Les réussites : réalisme et féminisme
La série a le mérite de rompre avec certains clichés. Les personnages féminins ne correspondent pas aux standards de beauté habituels, ils sont d’âges variés, et leurs vêtements collent de manière crédible à leur statut social. Cela renforce l’impression de réalisme, de même que le décor institutionnel bien rendu.
On apprécie aussi le ton féministe de la série : Suzanne est directe, sans filtre, émotionnellement intelligente, et elle bouscule des comportements masculins souvent misogynes. On sent que l’écriture lui donne une vraie autorité et une voix singulière.
Les limites : surcharge et héroïne « sauveuse »

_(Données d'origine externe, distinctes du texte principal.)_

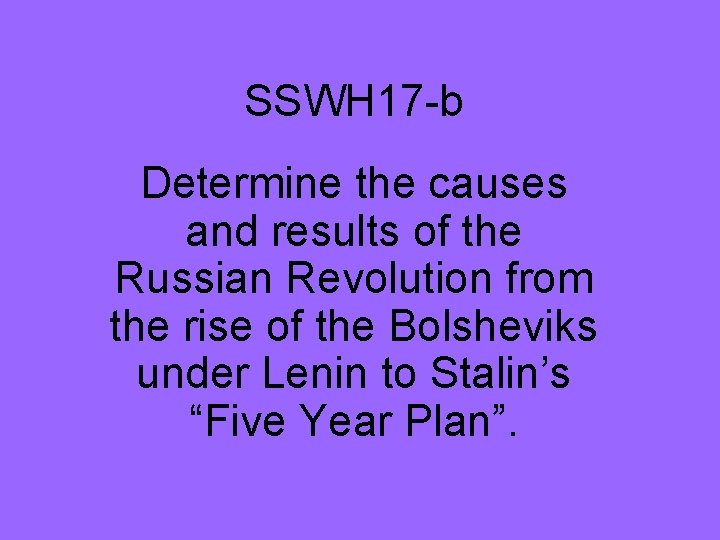 SSWH 17 -b Determine the causes and results of the Russian Revolution from the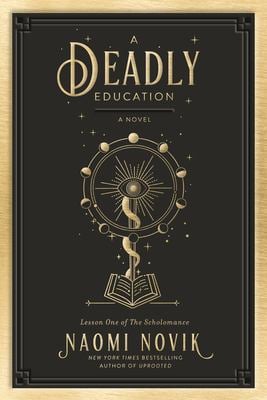 A Deadly Education : A Novel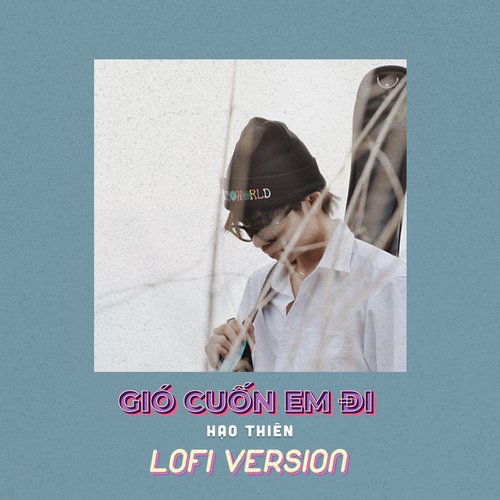 Gió Cuốn Em Đi (Lofi Version)_poster_image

Le problème, c’est que la série veut trop en dire. Elle aborde la pauvreté, les traumatismes, la diversité, l’anti-psychiatrie, le féminisme, l’adoption… mais au lieu de les développer en profondeur, elle accumule les thèmes. On finit par avoir le sentiment d’une démonstration, plus que d’un récit organique.
Cette tendance se retrouve dans la construction de Suzanne. Son personnage concentre tant de drames personnels — bébé abandonné, alcoolisme, deuil de sa femme et de son enfant — qu’elle en devient presque une figure « sauveuse » attendue par tout l’hôpital. On comprend que sa douleur est censée nourrir son empathie, mais ce côté messianique affaiblit la crédibilité du personnage et fait parfois perdre en nuance.
Conclusion
Empathie est une série ambitieuse et sincère, qui ose aborder de grands thèmes et propose une héroïne forte, ancrée dans un environnement réaliste. Mais cette ambition est aussi son défaut : trop de thèmes, une héroïne parfois trop chargée de symboles, et une représentation culturelle un peu lissée.
Cela n’enlève rien à la valeur du projet, qui ouvre des pistes importantes et mérite d’être vu. Mais il reste le sentiment que la série aurait gagné à dire moins, mais mieux.